Ce Grand Prix est donc placé sous le signe de la F1, une passion de Biolay qui dans les interviews fait souvent allusion au traumatisme vécu par toute une génération avec la mort d’Ayrton Senna sur le circuit d’Imola en 1994. La pochette est séduisante et j’aime tout particulièrement la liste des titres sous la forme d’une grille de départ. Je vous propose de me suivre dans une course haletante en espérant éviter les accidents et l’intervention de la safety car.
Le morceau d’ouverture Comment est ta peine?, le premier single de l’album qui a inondé les ondes, permet de démarrer sur les chapeaux de roue. Ce morceau doux-amer évoque la mélancolie liée à la séparation – « J’aurais dû te libérer/ Avant que tu ne me libères moi » – sans tomber dans le pathos, le refrain est addictif à souhait et l’instrumentation brillante avec en particulier les cordes qui m’avaient déjà tant touché sur La Superbe. Ce morceau mérite amplement son statut de single et lance parfaitement la course. Visage pâle en featuring avec la fidèle de toujours Chiara Mastroianni met ensuite en avant la puissance de l’amour à travers la fin d’une relation. Le morceau plus pop fonctionne bien avec ses synthés omniprésents avant un Idéogrammes beaucoup plus rock. Les guitares sont de sortie, le chant plus acéré pour un beau testament virtuel qui met en avant l’hédonisme et le refus de l’engagement amoureux. Le refrain devenu plus soyeux avec les cordes est tout simplement imparable…

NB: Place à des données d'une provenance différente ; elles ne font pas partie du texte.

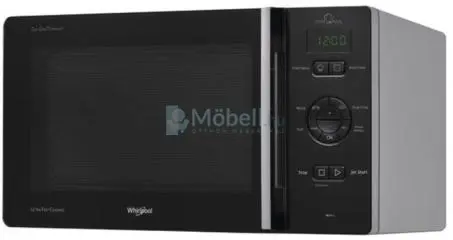 Whirlpool MCP 345 SL Mikrohullámú sütő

Comme une voiture volée s’impose ensuite comme un énorme coup de coeur. Refrain addictif, atmosphère plus pop, il aborde le coup de foudre et subtilement le vieillissement, » Si je t’avais rencontrée avant/ Quand j’étais jeune et charmant ». Biolay assume parfaitement sa capacité à créer des morceaux pop plus frontaux et ce n’est pas pour me déplaire. Vendredi 12 contraste alors avec la lenteur de son rythme et sa mélancolie accentuée par les cordes, la sensation d’abandon est finement croisée avec les bons souvenirs mais Biolay est bien seul, « J’ai bu la tasse dans la mer Noire ». Le ciel s’éclaircit alors avec les sonorités plus ensoleillées de Grand prix où le refrain plus lumineux contraste avec des couplets plus sombres afin d’aborder le parallèle entre la vie et la course automobile. Un morceau évident, tout comme Papillon noir en featuring avec Anaïs Demoustier, morceau plus dark qui n’est pas sans me rappeler les atmosphères d’Arman Méliès.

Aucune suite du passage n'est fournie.